You need to upgrade if any of these apply:

  • You run NGINX on a VPS, dedicated server, or container
  • Your NGINX version is older than 1.28.3 (stable) or 1.29.7 (mainline)
  • You serve MP4 files or have the MP4 module compiled in (most packages do)
  • You use WebDAV with the alias directive
  • You use NGINX as a mail proxy

If you are running NGINX as part of a hosting control panel (cPanel, Plesk, CyberPanel), check with your panel vendor for their patched release. Do not manually replace the NGINX binary on a managed panel — it will be overwritten on the next panel update.

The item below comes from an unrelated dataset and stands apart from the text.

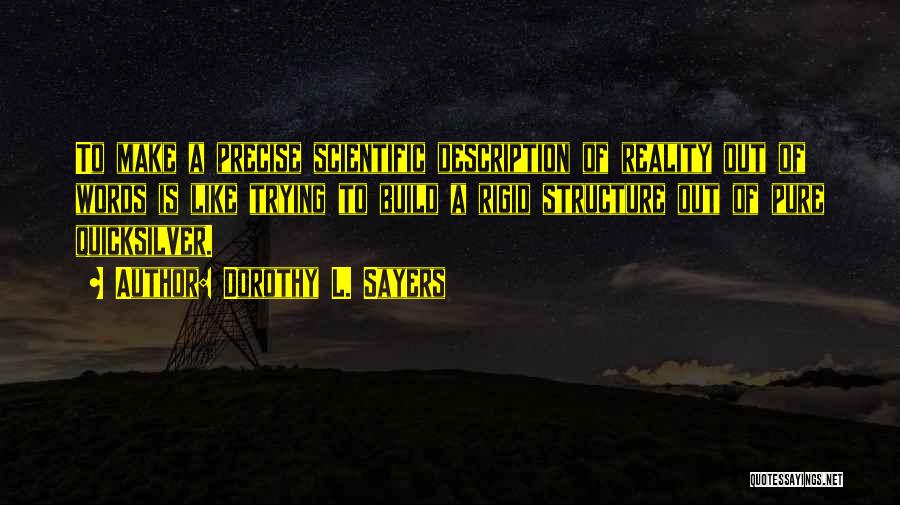 Dorothy L. Sayers Quotes: To Make A Precise Scientific Description Of Reality Out Of Words Is Like Trying To Build A Rigid Structure Out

For self-hosted NGINX on a Cloud VPS with root access, the upgrade commands above apply directly. If you prefer not to manage security patches yourself, CWH Managed Support handles patching, monitoring, and configuration hardening for your server.

Next Steps

  1. Run nginx -v right now — if it says anything below 1.28.3, you are vulnerable
  2. Check which modules are compiled in with nginx -V
  3. Upgrade using the commands for your distribution above
  4. Verify the upgrade with nginx -t && sudo nginx -s reload
  5. Review your access logs for suspicious MP4 requests
  6. Disable any modules you do not actively use

Four CVEs in a single release is unusual for NGINX. Two of them involve memory corruption with potential code execution. The patches have been available since March 24 — every day you wait is a day your server is running with known exploitable vulnerabilities. Upgrade today.